→ **DATA SEGMENT**
◆ ◆ ◆ ◆ ◆

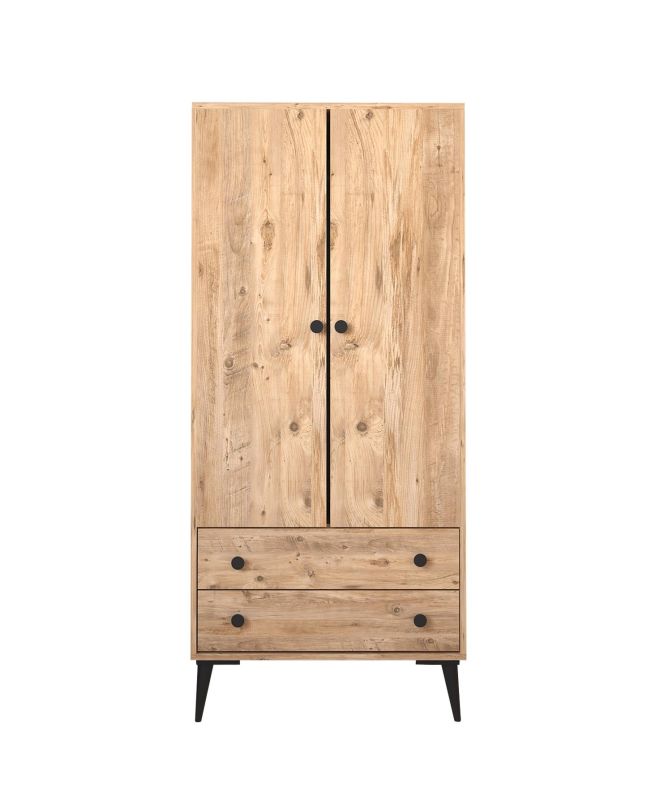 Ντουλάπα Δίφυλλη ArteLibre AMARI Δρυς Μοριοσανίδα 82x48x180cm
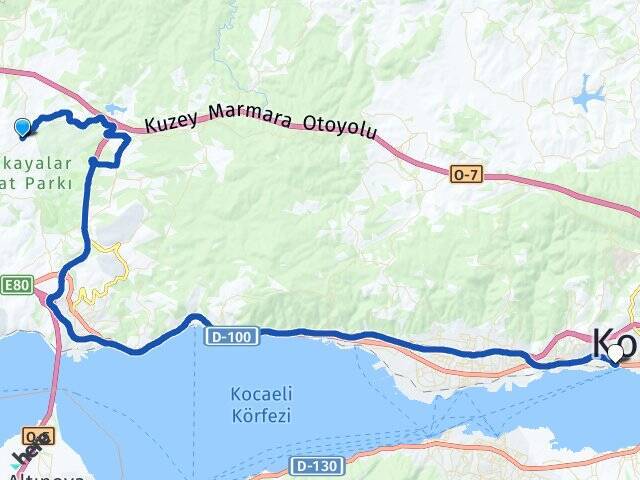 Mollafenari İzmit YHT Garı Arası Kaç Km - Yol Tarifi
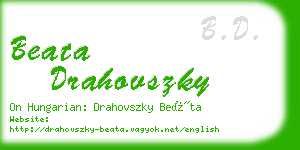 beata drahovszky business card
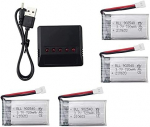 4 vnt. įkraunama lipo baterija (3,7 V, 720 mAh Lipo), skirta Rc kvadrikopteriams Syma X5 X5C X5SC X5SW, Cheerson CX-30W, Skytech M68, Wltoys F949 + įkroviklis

◆ ◆ ◆ ◆ ◆

→ **REQUIRED WORK**
Without the pictures, repeat every line of the material above exactly.

→ **OUTPUT OF THE TASK**
 Ντουλάπα Δίφυλλη ArteLibre AMARI Δρυς Μοριοσανίδα 82x48x180cm
 Mollafenari İzmit YHT Garı Arası Kaç Km - Yol Tarifi
 beata drahovszky business card
 4 vnt. įkraunama lipo baterija (3,7 V, 720 mAh Lipo), skirta Rc kvadrikopteriams Syma X5 X5C X5SC X5SW, Cheerson CX-30W, Skytech M68, Wltoys F949 + įkroviklis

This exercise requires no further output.